L’album suivant, Vertige en 1983, sonnera un tout petit peu plus pro, ou en tout cas moins « cocoonesque ». Le répertoire y est plus varié et les sujets aussi, la voix de Marie-Ange captée de façon moins « gros plan », on voit moins les pores, si on veut. Ça n’en fait pas moins un beau disque aussi dont je retiens particulièrement « La terrasse d’été », qui pourrait être une chanson des Négresses Vertes avec Lizzy Mercier Descloux à la place de Helno, avec des paroles qui déraillent. D’ailleurs j’ai souvent pensé à la Lizzy « deuxième période » en écoutant chanter Marie-Ange (sur « Douze Zombies », c’est assez flagrant), tout en me disant qu’il était peu plausible que la New-Yorkaise d’adoption ait pu tomber sur les disques confidentiels de la Normande au début des années 1980, et puis que surtout on ne pourra très probablement jamais le savoir. Marie-Ange Cousin a sorti un projet en 2019, où elle reprend d’ailleurs quelques titres de Vertige. Si elle lit ces lignes, ou si l’enfant qu’elle a eu au moment de faire BTSTLT et qui doit avoir aujourd’hui la quarantaine lit ces lignes, qu’il ou elle n’hésite pas à se manifester ! Et merci encore pour ces chansons.

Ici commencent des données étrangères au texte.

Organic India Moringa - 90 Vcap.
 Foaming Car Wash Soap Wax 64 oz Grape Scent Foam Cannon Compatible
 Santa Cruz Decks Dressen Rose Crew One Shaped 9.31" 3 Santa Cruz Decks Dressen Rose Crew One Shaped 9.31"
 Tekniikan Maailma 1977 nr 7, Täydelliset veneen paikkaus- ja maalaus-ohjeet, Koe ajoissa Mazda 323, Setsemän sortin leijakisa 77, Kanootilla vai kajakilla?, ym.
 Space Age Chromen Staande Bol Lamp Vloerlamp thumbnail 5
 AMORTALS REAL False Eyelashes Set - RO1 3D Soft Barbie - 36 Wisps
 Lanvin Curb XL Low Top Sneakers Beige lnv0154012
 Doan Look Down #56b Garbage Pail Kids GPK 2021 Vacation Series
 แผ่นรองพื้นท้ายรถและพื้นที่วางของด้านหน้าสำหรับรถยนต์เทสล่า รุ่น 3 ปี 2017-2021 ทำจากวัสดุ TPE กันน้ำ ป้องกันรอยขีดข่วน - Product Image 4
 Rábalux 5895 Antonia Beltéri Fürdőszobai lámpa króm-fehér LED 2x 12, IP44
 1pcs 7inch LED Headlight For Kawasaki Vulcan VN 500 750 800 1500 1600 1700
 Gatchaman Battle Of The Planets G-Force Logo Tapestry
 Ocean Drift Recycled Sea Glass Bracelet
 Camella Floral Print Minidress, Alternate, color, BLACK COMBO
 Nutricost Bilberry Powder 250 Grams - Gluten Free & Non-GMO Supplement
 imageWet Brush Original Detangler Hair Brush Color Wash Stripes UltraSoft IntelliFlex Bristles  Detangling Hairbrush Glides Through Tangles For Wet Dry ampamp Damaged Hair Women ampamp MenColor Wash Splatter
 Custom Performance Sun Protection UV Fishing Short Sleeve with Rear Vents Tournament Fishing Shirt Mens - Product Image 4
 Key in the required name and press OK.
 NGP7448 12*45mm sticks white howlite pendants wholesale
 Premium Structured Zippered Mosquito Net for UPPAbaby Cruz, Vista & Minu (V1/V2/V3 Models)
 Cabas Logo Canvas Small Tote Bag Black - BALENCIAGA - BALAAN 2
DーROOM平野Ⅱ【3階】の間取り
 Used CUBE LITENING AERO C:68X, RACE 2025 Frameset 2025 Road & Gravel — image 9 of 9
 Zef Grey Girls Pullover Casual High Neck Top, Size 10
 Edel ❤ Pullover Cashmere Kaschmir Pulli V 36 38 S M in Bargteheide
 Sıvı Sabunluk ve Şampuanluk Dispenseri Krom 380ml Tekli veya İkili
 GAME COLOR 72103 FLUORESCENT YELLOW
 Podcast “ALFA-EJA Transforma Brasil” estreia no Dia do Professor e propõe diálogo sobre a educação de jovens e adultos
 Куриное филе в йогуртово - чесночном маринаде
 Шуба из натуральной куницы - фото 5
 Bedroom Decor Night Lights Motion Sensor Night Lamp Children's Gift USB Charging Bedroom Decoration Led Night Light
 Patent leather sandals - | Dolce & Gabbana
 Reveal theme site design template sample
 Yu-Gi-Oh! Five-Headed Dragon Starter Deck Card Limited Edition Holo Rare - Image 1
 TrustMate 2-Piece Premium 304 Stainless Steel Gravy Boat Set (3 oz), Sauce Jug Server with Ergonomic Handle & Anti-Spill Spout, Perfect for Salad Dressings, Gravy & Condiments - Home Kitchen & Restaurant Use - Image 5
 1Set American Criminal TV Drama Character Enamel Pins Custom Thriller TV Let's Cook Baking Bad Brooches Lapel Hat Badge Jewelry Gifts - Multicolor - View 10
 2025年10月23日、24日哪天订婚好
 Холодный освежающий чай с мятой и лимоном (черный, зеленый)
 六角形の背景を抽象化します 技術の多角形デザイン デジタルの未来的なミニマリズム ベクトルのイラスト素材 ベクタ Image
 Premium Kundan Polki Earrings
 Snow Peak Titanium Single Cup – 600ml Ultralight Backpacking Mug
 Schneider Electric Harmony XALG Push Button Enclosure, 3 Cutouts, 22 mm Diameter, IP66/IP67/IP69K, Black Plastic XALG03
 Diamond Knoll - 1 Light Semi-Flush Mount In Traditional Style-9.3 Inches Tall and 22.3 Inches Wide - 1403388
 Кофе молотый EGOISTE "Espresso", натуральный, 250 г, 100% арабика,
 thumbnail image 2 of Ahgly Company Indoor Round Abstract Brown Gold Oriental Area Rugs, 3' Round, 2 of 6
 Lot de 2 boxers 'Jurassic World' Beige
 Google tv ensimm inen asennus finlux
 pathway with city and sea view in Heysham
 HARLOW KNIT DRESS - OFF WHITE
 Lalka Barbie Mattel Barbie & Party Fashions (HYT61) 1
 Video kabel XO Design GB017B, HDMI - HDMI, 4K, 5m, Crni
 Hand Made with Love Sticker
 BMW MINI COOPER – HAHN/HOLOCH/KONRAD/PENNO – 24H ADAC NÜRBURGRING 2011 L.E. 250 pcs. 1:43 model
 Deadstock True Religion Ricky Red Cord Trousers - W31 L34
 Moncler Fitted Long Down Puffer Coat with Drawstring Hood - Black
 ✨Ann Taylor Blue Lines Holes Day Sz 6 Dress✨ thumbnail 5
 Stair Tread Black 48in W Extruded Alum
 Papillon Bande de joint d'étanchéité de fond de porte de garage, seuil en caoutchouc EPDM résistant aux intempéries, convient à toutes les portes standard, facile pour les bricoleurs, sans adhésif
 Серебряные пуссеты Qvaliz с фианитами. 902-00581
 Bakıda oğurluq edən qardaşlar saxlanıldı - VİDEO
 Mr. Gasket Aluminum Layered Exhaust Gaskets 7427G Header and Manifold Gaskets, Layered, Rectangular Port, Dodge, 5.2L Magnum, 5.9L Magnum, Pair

PS : merci également à Jean Carval aka Jérémie Kerlau de m’avoir parlé de cet album il y a des années, et plus généralement de m’avoir mis, lui et Low Jack, dans l’ambiance « Outre-France » grâce à leurs mixtapes fondatrices Nique la musique de France. Par ailleurs je vois que Jack Rollo de Time is Away avait parlé de BTSTLT en 2016, s’attardant surtout sur « Douze Zombies » – il se trouve par hasard que j’ai vu ces deux hommes hier lors de l’aprèm organisé par le nouveau label de Pam dans le 19e arrondissement de Paris.

PS2 : merci aussi bis à la Sonothèque de Normandie, site très bien fait qui recueille et streame comme son nom l’indique des productions normandes anciennes ou récentes, et qui est le seul endroit où j’ai pu avoir des infos substantielles sur Marie-Ange Cousin et écouter son disque en entier, même s’il y a un morceau en doublon et que le vinyle est un petit peu rayé par moments 😉

PS3 : je ne peux pas ne pas profiter de la thématique bébé et m’empêcher de vous relater un bref dialogue que m’a rapporté un copain qui vient d’avoir un enfant. Il était chez le pédiatre et le médecin lui a demandé la marque de lait en poudre qu’il donnait à sa fille. Il a réfléchi quelques secondes et il a répondu « du Guigual » (comprenne qui poivrasse).